En conclusion, pour le président burkinabè, "pour l’instant, les conditions ne sont pas réunies pour une intervention armée au Mali, et c’est Bamako qui bloque". Un autre point divise les deux acteurs face à la crise malienne: les forces armées de la cédéa et celles de Bamako se disputent leur "plan d'action" de cette intervention militaire au nord du Mali, chacun estimant le sien plus stratégique que l'autre.

Pendant ce temps, les groupes terroristes fédérés par Al Qaïda au Maghreb islamique s'implantent durablement dans les trois principales villes, Tombouctou, Gao et Kidal et avancent dangereusement à la lisière du Sud après avoir occupé la ville de Douentza, à la lisière des frontières Sud, en lançant même le défi de conquérir Bamako en quelques jours. Alors même que cette intervention militaire tarde à venir, Al Qaïda au Maghreb islamique en fait déjà son cheval de bataille en menaçant la France de tuer ses quatre ressortissants qu'elle détient en otages depuis deux ans si d'aventure elle persiste à appuyer cette intervention militaire. La menace est tout autre pour l'Algérie qui observe une attitude ambiguë sur l'intervention militaire au Nor-Mali. Le Mouvement pour l'unicité et le Jihad en Afrique de l'ouest avait exigé de l'Algérie la libération des trois terroristes d'Al Qaïda au Maghreb islamique arrêtés le 15 aout dernier à Ghardaïa avant d'exécuter le vice-consul algérien, otages parmi ses trois collègues fonctionnaires consulaires. Le département de Mourad Medelci a réitéré lundi qu'il n'avait pas plus d'informations sur l'assassinat de Tahar Touati que ce qu'en ont rapporté les médias. La France, quant à elle, se dit déterminée à faire libérer ses ressortissants dans l'attente d'une "vérification" du communiqué d'Al Qaïda au Maghreb islamique rapporté et commenté par le site mauritanien Saharamédias ce mercredi.

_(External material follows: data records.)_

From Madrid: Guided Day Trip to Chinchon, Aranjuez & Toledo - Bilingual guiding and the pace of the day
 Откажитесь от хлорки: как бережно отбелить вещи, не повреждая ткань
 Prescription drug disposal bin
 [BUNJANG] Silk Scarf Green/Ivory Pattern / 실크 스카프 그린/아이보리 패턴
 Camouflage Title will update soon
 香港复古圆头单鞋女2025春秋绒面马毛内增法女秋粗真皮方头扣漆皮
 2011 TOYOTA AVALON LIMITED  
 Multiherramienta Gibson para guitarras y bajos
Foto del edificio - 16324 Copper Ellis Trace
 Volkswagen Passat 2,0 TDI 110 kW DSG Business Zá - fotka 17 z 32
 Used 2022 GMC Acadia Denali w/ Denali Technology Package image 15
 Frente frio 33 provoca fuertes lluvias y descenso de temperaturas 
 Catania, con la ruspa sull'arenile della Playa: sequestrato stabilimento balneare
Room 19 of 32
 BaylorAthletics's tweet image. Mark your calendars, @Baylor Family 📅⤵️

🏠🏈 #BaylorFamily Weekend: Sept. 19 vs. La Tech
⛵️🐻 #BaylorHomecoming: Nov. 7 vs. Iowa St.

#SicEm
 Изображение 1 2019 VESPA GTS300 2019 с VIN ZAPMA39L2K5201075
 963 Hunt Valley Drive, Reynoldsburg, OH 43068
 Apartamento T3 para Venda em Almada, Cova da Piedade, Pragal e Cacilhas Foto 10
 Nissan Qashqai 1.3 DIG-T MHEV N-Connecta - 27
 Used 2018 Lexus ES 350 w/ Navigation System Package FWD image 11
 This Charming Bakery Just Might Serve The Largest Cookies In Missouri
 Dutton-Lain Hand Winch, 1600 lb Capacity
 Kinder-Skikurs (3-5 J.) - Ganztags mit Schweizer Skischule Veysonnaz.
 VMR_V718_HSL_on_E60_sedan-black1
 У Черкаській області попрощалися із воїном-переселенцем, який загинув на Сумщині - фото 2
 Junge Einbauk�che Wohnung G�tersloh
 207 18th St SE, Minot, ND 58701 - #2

Sur ces menaces qui mettent en jeu la vie des otages, auxquelles il faut ajouter la tragédie des populations du Nord-Mali prises en otage elles-aussi par l'imposition de la chari'a et ses pratiques barbares (amputation, flagellation, destructions de mausolées, voile islamique, interdictions diverses), les deux parties, pourtant favorables à la reconquête du Nord, Bamako et la Cédéa, qui prennent pourtant la mesure du danger d'Al Qaïda, perdent du temps, amenuisent leurs forces dans des querelles de chapelle. Pourtant, le Premier ministre malien, Cheick Modibo Diarra, qui a rencontré ce jeudi à Paris, le ministre français des Affaires étrangères, a pourtant redit, au-delà de ces divergences, que le temps pressait pour cette intervention dans le Nord. Il a réclamé plus de fermeté de la part de la communauté internationale. Il représentera la semaine prochaine son pays à New York pour la réunion sur le Sahel qui se tiendra en marge de l’Assemblée générale des Nations unies.